Good morning, everyone. I want to talk about something that is important to me: why I don’t talk as much about preterism as I used to. When I first started my blog, I wrote and did videos on prophecy just about everyday. If I wasn’t writing or doing videos, I was reading, studying, and talking on the phone about eschatology.

What changed for me wasn’t a lack of interest in prophecy. The subject still excites me, and, if I allow myself, I can get lost in it for weeks at a time. The problem is I have a responsibility as a minister for a congregation to be well rounded. There are many areas that need to be explored in order for a congregation and the Christians within it to prosper.

Right now, I teach three, forty-five minute classes and preach one sermon a week. Imagine if I only talked about eschatology! People would go crazy. Others who have different roles, such as Don Preston, are able to focus their attention on prophecy, but I have to be more widespread in my teaching for the sake of my ministry.

I’ve adopted the philosophy that I am a preacher who happens to be a preterist, not a preterist who happens to be a preacher.
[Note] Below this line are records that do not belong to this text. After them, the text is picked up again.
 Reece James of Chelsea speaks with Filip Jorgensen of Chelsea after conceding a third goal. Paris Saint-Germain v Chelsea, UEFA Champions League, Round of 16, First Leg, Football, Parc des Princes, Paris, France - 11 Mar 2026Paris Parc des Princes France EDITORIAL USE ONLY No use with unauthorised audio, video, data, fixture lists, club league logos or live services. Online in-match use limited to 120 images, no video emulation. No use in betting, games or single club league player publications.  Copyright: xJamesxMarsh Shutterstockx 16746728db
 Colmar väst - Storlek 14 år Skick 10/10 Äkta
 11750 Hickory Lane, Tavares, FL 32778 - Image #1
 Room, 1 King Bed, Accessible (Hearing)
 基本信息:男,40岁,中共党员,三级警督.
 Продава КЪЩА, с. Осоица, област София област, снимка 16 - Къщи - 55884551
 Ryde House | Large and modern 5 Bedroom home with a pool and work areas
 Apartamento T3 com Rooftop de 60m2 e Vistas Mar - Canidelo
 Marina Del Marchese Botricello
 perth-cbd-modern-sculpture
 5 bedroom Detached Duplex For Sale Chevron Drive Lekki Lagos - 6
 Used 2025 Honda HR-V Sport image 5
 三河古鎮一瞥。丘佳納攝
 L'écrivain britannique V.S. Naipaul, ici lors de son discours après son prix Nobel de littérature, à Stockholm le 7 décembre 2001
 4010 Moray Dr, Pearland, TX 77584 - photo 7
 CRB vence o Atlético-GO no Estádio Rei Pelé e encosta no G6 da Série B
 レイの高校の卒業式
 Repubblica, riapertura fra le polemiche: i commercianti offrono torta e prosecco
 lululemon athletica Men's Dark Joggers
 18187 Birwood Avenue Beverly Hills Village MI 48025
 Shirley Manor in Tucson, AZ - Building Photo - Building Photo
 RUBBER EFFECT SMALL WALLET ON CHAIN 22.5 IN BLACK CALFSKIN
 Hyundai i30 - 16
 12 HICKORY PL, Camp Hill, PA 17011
So, lately, I’ve been writing more and more on popular Church of Christ issues because there are hundreds and thousands of people who have become dissatisfied with the answers they were given growing up, and as someone who has left behind much of that tradition, I feel qualified to provide them with the answers (and questions) that have helped me most.

I may not always write about the Olivet Discourse or the Book of Revelation, but be sure that preterism touches most everything I write on in some way, even if it is just how I approach the Bible. So, if you see an article on worship, you can know that my understanding of prophecy has influenced it. You might even pick up on more than the average reader who hasn’t been exposed to these sorts of things.

Hopefully that makes sense to you. Thank you for sticking around, commenting, and leaving likes on the articles from time to time. Have a wonderful day!

3 thoughts on “Why I Don’t Talk as Much About Preterism”

  1. As a pulpit minister, one has the responsibility to teach many things that will strengthen and encourage God’s people. The biblical teaching, for example, on grace is frequently shunned. How are we put in a right relationship with God. What is the nature or purpose of the Church, that is to say, the community of the redeemed? Hopefully, I will write numerous sermons this year which will be, Lord willing, added to my website: freedominchrist.net. I owe a great deal of gratitude to Daniel Rogers who is willing to take the time to add my sermons to this site. I will gear my sermons to promote spiritual strength and unity among God’s people for those who desire to understand God’s written Revelation more clearly.

  2. I appreciate your article. Essentially I have come to have a preterist understanding of things. My problem has been, and still is, that a number of preterists appear to be attempting to build a party around such views. That is wrong.